(The records begins)

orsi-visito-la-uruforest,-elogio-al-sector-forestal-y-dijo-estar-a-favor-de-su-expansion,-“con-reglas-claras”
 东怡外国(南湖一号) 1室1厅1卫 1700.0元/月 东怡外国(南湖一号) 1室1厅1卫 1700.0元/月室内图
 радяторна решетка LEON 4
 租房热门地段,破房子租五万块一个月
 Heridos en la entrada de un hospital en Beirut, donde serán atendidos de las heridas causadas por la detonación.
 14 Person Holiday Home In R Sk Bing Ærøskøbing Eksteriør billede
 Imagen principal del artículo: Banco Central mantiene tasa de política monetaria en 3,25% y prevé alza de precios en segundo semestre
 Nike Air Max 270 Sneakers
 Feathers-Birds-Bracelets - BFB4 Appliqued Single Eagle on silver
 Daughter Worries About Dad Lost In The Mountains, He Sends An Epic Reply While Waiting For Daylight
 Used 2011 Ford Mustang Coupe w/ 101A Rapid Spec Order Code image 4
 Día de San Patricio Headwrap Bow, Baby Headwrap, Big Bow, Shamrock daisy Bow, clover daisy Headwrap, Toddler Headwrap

(The records ends)

Requirement: Proceeding from the line containing "радяторна решетка LEON 4" through the line containing "Daughter Worries About", transcribe the lines above exactly, both end lines included.

Finished task:
 радяторна решетка LEON 4
 租房热门地段,破房子租五万块一个月
 Heridos en la entrada de un hospital en Beirut, donde serán atendidos de las heridas causadas por la detonación.
 14 Person Holiday Home In R Sk Bing Ærøskøbing Eksteriør billede
 Imagen principal del artículo: Banco Central mantiene tasa de política monetaria en 3,25% y prevé alza de precios en segundo semestre
 Nike Air Max 270 Sneakers
 Feathers-Birds-Bracelets - BFB4 Appliqued Single Eagle on silver
 Daughter Worries About Dad Lost In The Mountains, He Sends An Epic Reply While Waiting For Daylight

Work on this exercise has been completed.